Lancaster City Council voted unanimously for the merger at its meeting Tuesday.
Eric Rowell, See Lancaster’s board chairman, and Jay Rainey, who headed a special task force on See Lancaster, presented City Council with four restructuring proposals at the meeting.
One proposal called for cutting off all funding for See Lancaster.
Another called for a revision of the group’s aim and one other proposal called for major restructuring without involving the Performing Arts Series.
The proposal council agreed on called for the merger.
Rowell said he was surprised council acted so quickly in determining the group’s fate. He’s pleased with council’s decision.
“It was more financially feasible,” he said. “It’s a win-win situation.”
Rainey also favored the merger.
He told council that the Performing Arts Series has name recognition that can make See Lancaster more of a tourism magnet. Several council members agreed.
“This is a community partnership I think everyone can be proud of,” Councilman John Howard said.
Although See Lancaster and the Performing Arts Series will join forces, each group will retain its own title, Rowell said.

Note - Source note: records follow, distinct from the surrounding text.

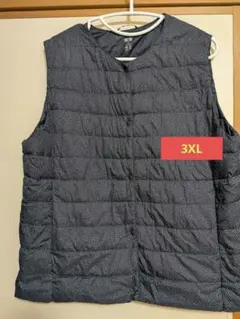 【大きいサイズ】ユニクロ　ウルトラライトベスト 3XL ヘリンボーン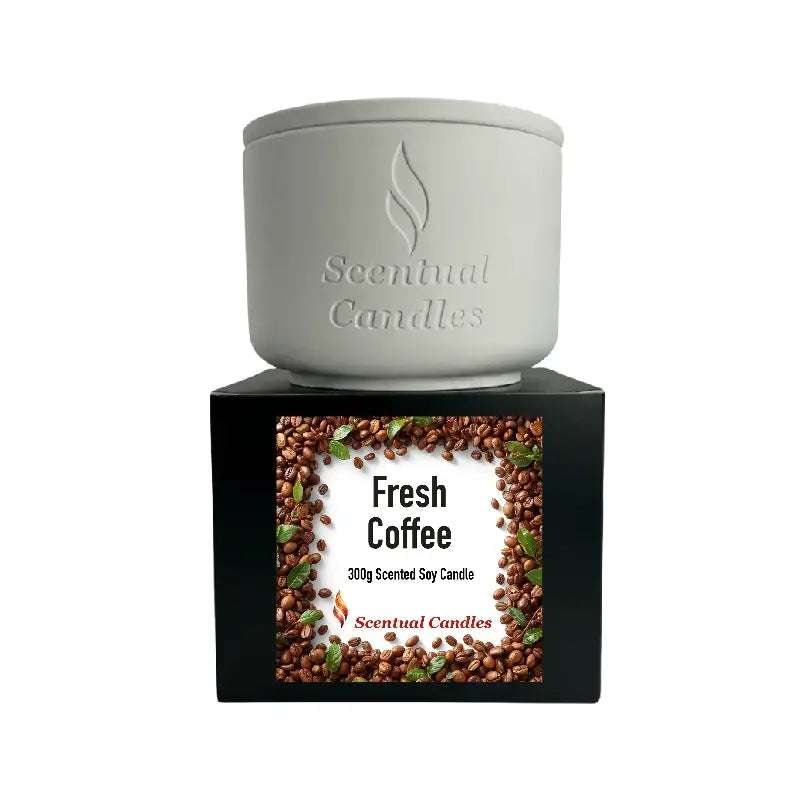 Coffee Scented Candle in a white ceramic jar with Fresh Coffee label, 300g Scented Soy Candle by Scentual Candles.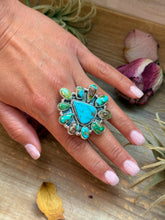 Load image into Gallery viewer, Mixed Mine Turquoise Sterling Silver Ring – Size 10
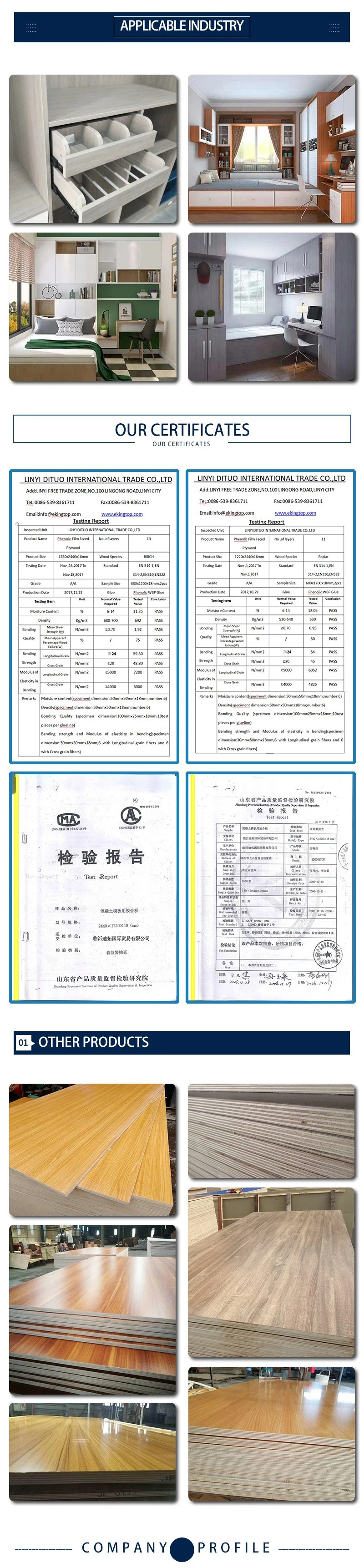 Chinese Suppliers 18mm Laminated Melamine/PVC/HPL Plywood, Melamine Board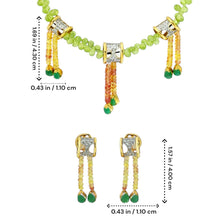 9K Yellow Gold Natural Peridot Emerald & Diamond Necklace & Earrings Set | Diamond Cylindrical Connectors - Necklace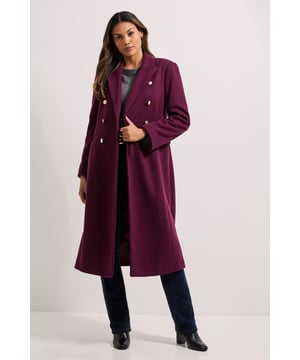 Midi Length Fitted Military Coat
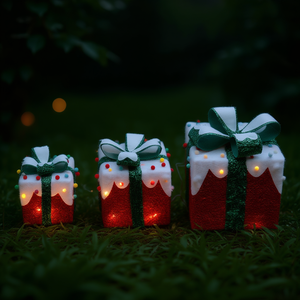 Luces Decorativas de Algodón con Efecto Iceberg, Diseño Rectangular, para Jardín, Mesa, Exterior, Rojo y Verde, Tradicionales - Product Image 2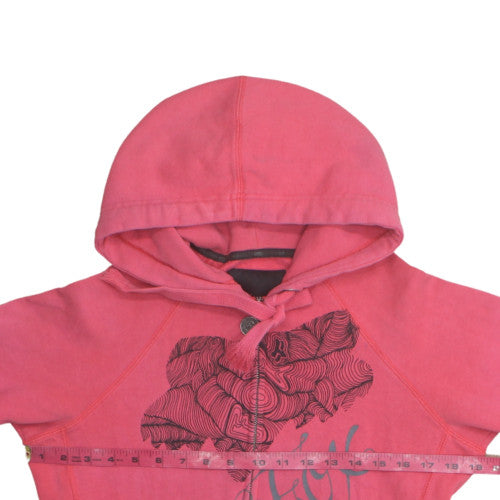 Fox Womens Pink Full Zip Hoodie Size L Cotton Blend Graphic Sweatshirt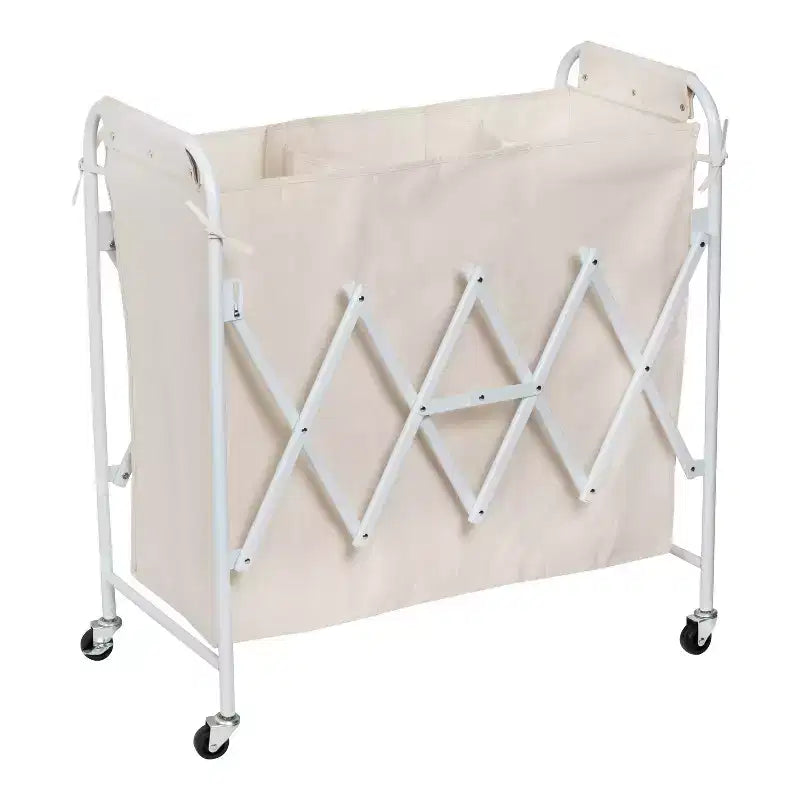 Honey-Can-Do Accordion Triple Sorter: White Steel Rolling Laundry Hamper with Wheels, Collapsible, Open-Top Design
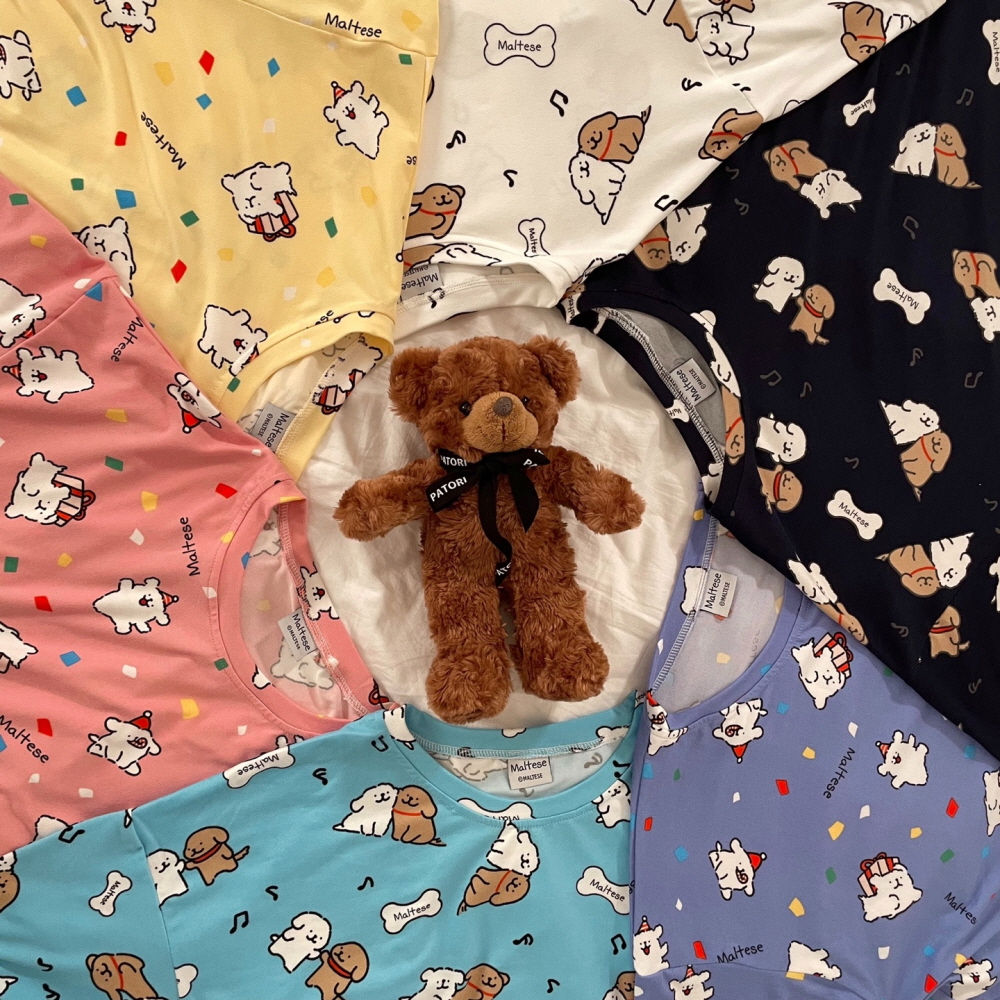 여름 치즈 몰티즈 쿨링 반팔 커플잠옷 빅사이즈 냉장고 파자마 파티 제품 이미지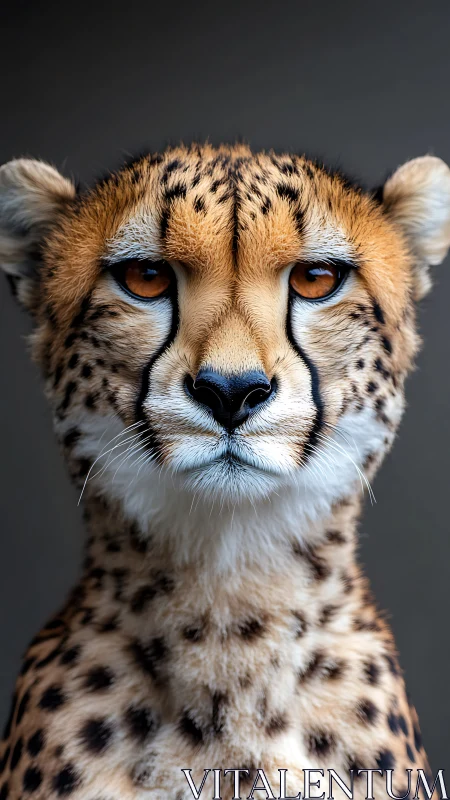 Cheetah stares ahead with intense amber-eyed focus.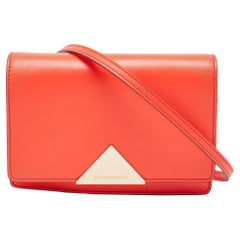 Emporio Armani Neon Red Leather Flap Crossbody Bag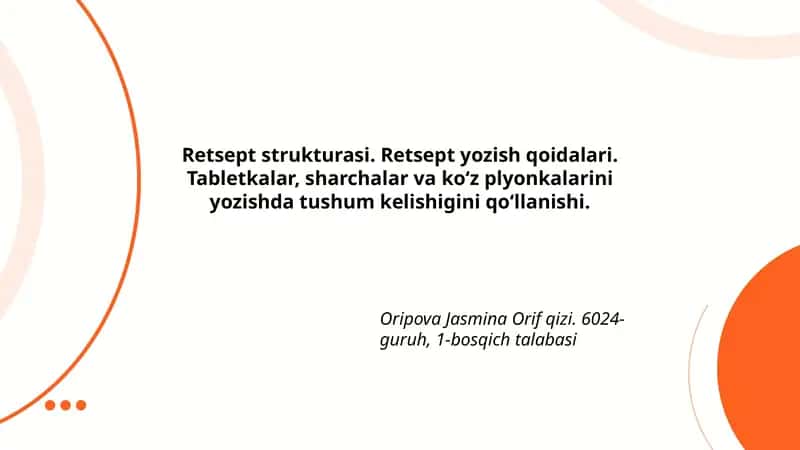 Retsept strukturasi. Retsept yozish qoidalari 1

Peggy Little, director of the Performing Arts Series, said management of her group will move from the Education Foundation at USCL to the city of Lancaster.
Though details are still being ironed out, she expects the Performing Arts Series to fall under See Lancaster’s umbrella.
Little thinks the merger will be beneficial, as it is expected to save both groups money.
See Lancaster will also help further promote the series, which is now in its third concert season.
“We believe this will be a good fit,” said Little, who was also on the special task force. “We hope to continue to upgrade and make the Performing Arts Series better and better.”
The city has had complete oversight over See Lancaster’s finances since 2008, when accounting irregularities were discovered.
Since then, the city has given funding to See Lancaster periodically, instead of for the whole year, and the city has required See Lancaster to submit monthly invoices for its expenses.
The monthly allocations have been about $11,000.
At Tuesday’s meeting, council voted to continue funding at the same rate until June 30, the end of the fiscal year.
The city will continue to supervise and manage most of See Lancaster’s functions and will appoint an advisory board of directors, which means that the current board will be dissolved.
The city will also be responsible for hiring a new director.
However, management of See Lancaster’s Welcome Center may be turned over to Lancaster County, officials say. Plans are for the center to eventually be located in the existing county courthouse.